# Licence plate lights: how to repair



## Quattro-ita (Jul 5, 2016)

Hi all,
Since one of the plate light doesn't work, is there any tutorial on how to replace/repair it?
I tried to remove the Housing but it looks a bit tricky to understand since bulbs look as they are closed in the plastic transparent box
What's funny: just came back from 2year service and nobody told me Anything  
Thanks in advance


----------



## Quattro-ita (Jul 5, 2016)

Correct me if I'm wrong.
As far as I understand, both led ligths are placed on proprietary pieces, i.e. no bulbs with standard socket, so that the whole piece including the central handle has to be replaced. I guess both coupe and roadster has the same piece (reference).


----------



## brittan (May 18, 2007)

There are slots in each end of the unit which look like they are for a trim tool, screwdriver or finger nails. I would guess that you lever off the end pieces and then some other fixing for the main part of the light/handle unit will be obvious. That's only a guess though.
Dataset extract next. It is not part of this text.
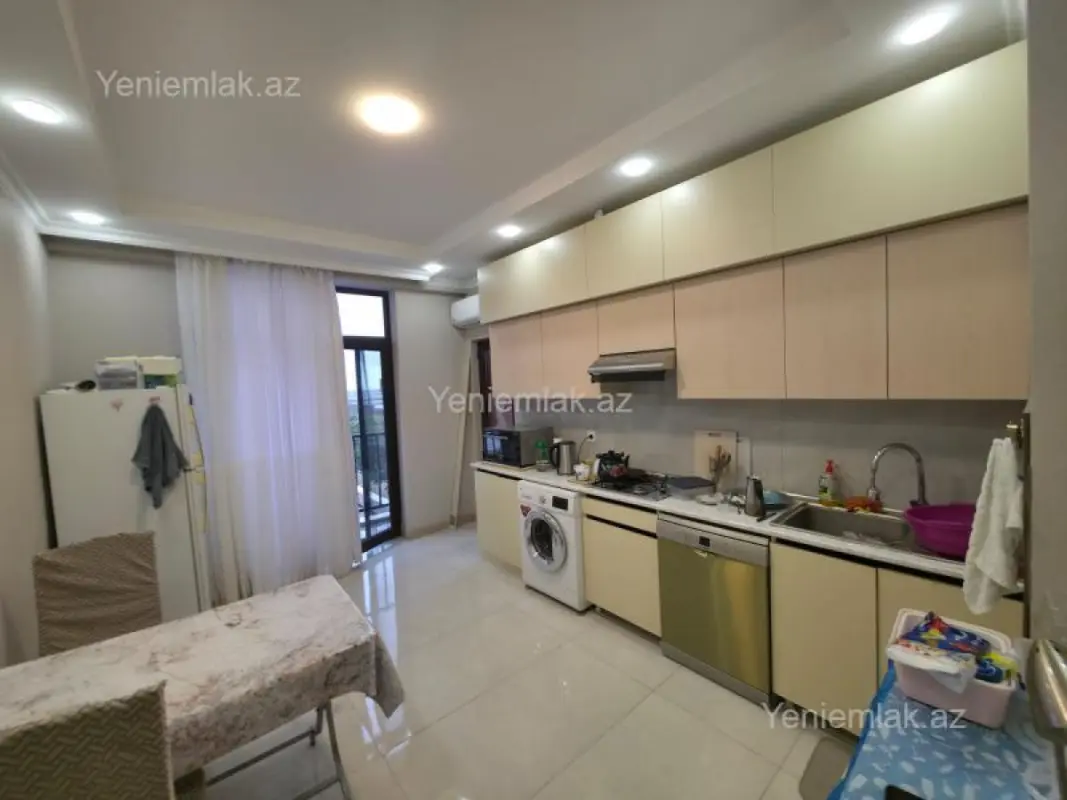 Satılır 2 otaqlı yeni tikili 72 m²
You could have a look through the parts catalogue (ETKA) which is in the Knowledge Base. See if the unit comes as a single or multiple part numbers. Often the exploded parts diagram can give an indication on how something is assembled - or how it comes apart.


----------



## 90TJM (Sep 30, 2013)

I thought LEDs are covered by the 3 yr warranty?


----------



## Quattro-ita (Jul 5, 2016)

Looking at the ETKA, it's just one piece including handle and led lights.
I guess I have to change the whole piece.

One more stupid question, but please help me cause I'm getting mad.
I bought a 2 years used car and I'm spending Hours on the instruction manual  
Is there any chance to Open the trunk without using the remote command? I suppose that once the doors are unlocked, the small handle between plate lights should work as a manual standard handle, but it doesn't. Is it defective? Should i change some settings in the MMI?
My mk1 roadster has no handle, i thought the mk3 roadster improved on that side

Thanks a lot


----------



## Blackhole128 (Dec 24, 2015)

Quattro-ita said:


> Looking at the ETKA, it's just one piece including handle and led lights.
> I guess I have to change the whole piece.
> 
> One more stupid question, but please help me cause I'm getting mad.
> ...


The TT has a 3-year manufacturer's warranty over in the UK. Does your car have any warranty left? If so, Audi ought to change the light/handle assembly for free!


----------



## Quattro-ita (Jul 5, 2016)

Standard warranty in EU is only 2years.
I own a roadster mk1 but I don't know the mk3 at all, so I Guess you guys can help me to solve my doubts
Before going back to servicing


----------